■ Recorded data
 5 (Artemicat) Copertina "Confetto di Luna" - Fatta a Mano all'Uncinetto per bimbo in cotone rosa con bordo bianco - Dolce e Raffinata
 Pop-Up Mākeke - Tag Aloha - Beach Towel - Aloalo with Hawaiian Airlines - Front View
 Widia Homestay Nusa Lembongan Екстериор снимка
* * *
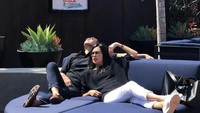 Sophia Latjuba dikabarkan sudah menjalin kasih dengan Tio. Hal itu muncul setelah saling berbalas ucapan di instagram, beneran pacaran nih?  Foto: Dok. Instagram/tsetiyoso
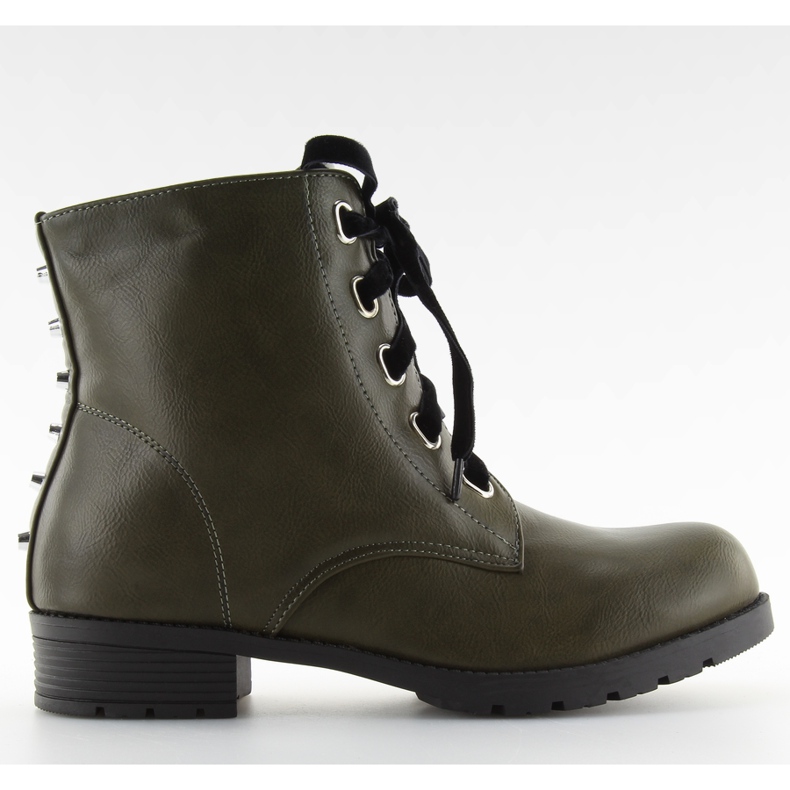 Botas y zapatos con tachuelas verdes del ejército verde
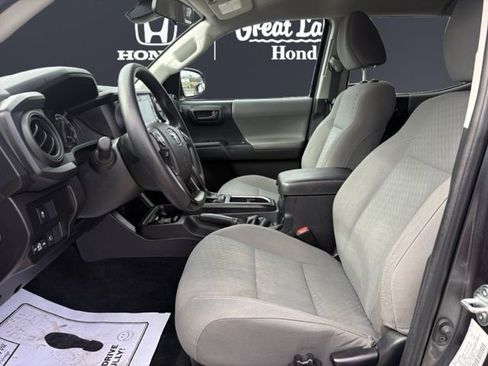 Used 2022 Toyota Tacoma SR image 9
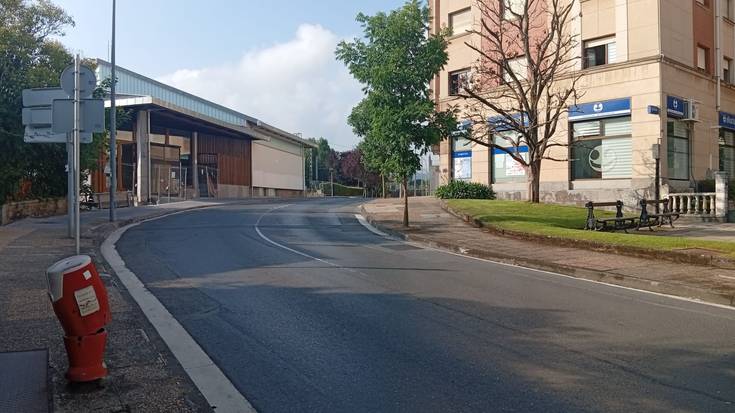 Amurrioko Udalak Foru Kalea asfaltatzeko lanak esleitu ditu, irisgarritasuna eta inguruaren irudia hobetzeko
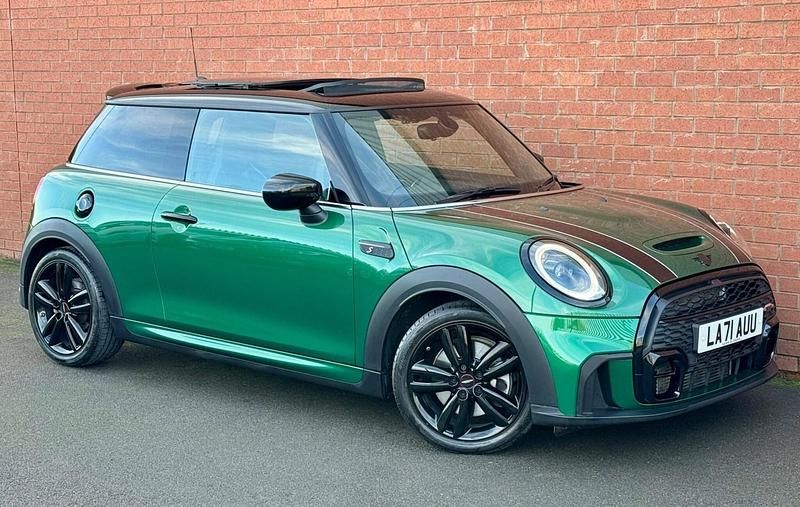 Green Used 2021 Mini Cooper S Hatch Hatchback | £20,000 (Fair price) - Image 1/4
...
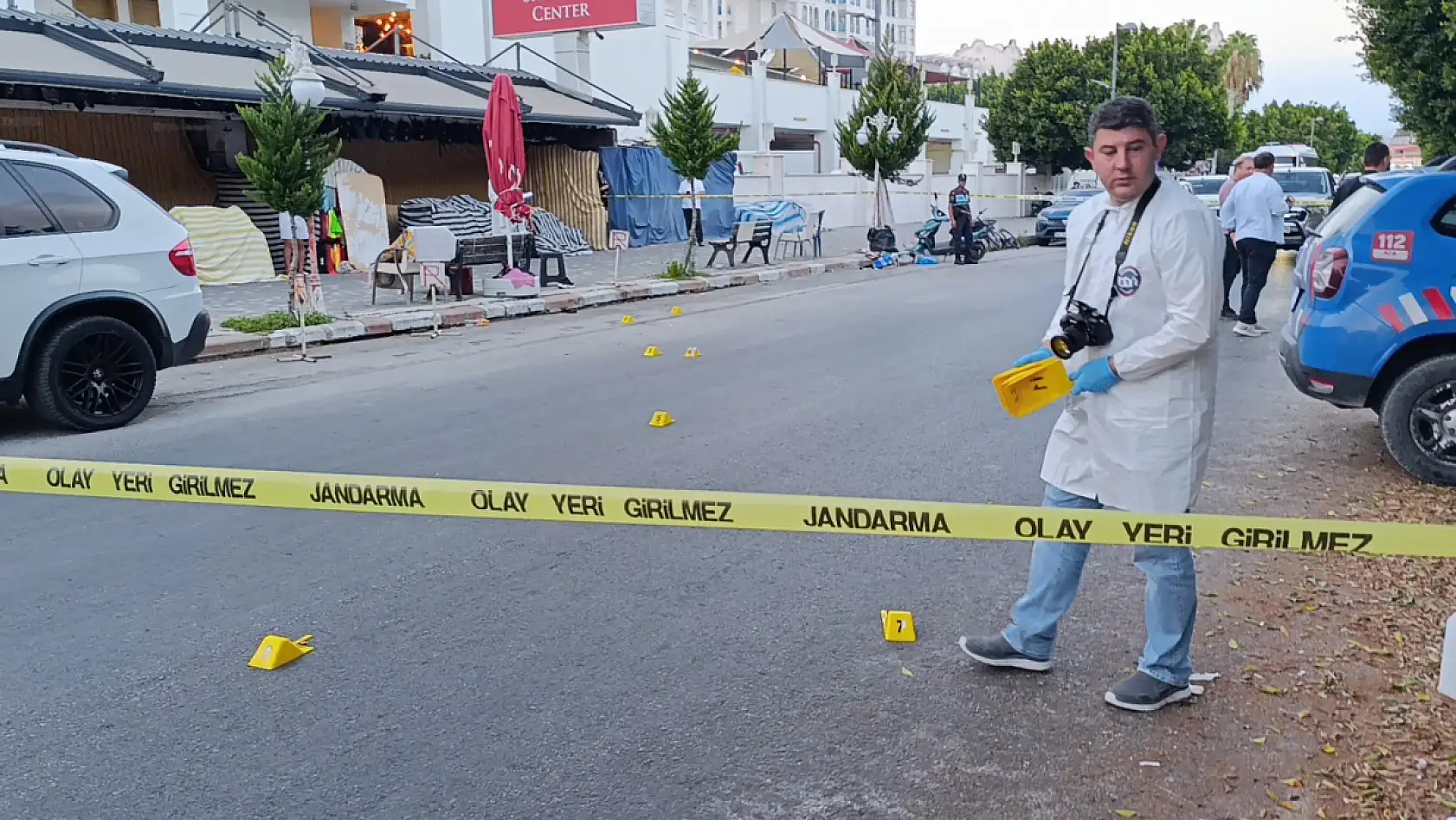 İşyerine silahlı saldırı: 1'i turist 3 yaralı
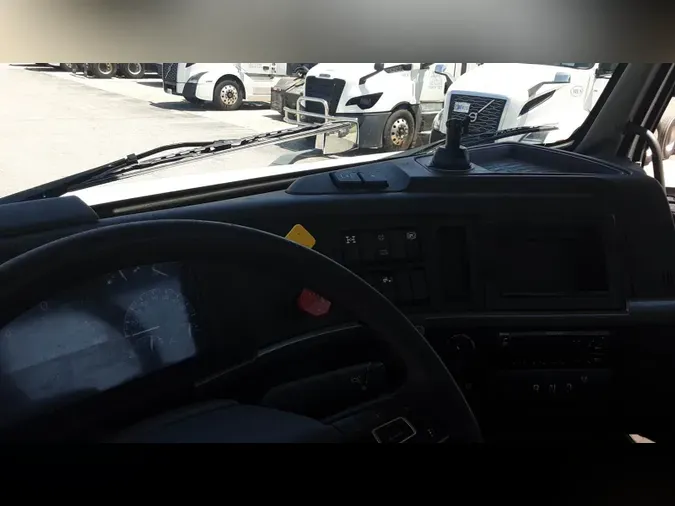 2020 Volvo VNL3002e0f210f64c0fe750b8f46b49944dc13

■ Work to complete
Copy nothing but the lines above that run from the one with "Amurrioko Udalak Foru" to the one with "Green Used 2021", ends included; pictures stay out.

■ Result of the task
 Amurrioko Udalak Foru Kalea asfaltatzeko lanak esleitu ditu, irisgarritasuna eta inguruaren irudia hobetzeko
 Green Used 2021 Mini Cooper S Hatch Hatchback | £20,000 (Fair price) - Image 1/4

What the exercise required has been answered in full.